Look below for the line with "AL CLARK-Thera (Book Three)" and the line with "Philipp Plein Plein Fatale 50 ml". Copy exactly those two lines and every line between, but not the pictures.

* **Record excerpts**
┌──

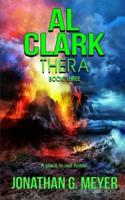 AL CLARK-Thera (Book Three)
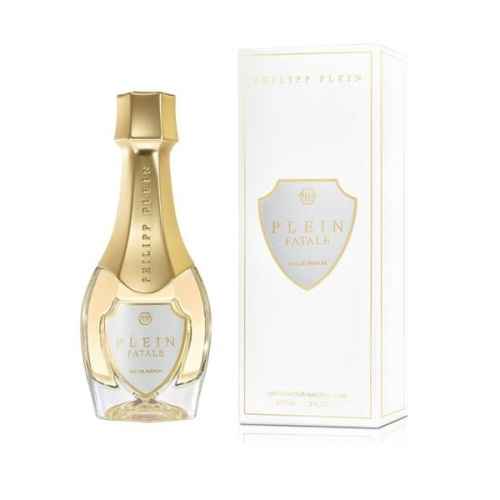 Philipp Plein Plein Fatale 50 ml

└──
┌──

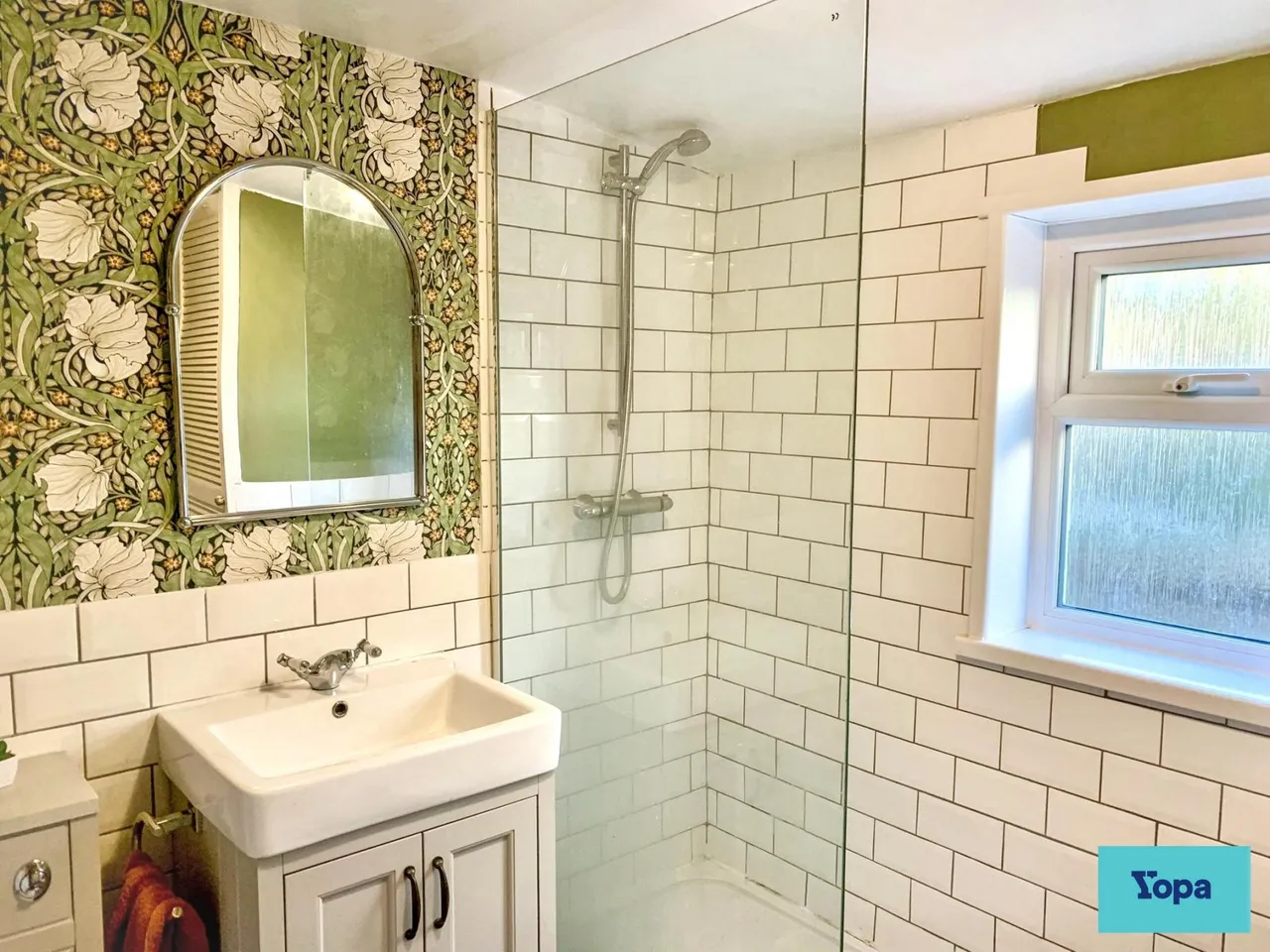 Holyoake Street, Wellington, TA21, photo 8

└──

* **Answer for the task**
 AL CLARK-Thera (Book Three)
 Philipp Plein Plein Fatale 50 ml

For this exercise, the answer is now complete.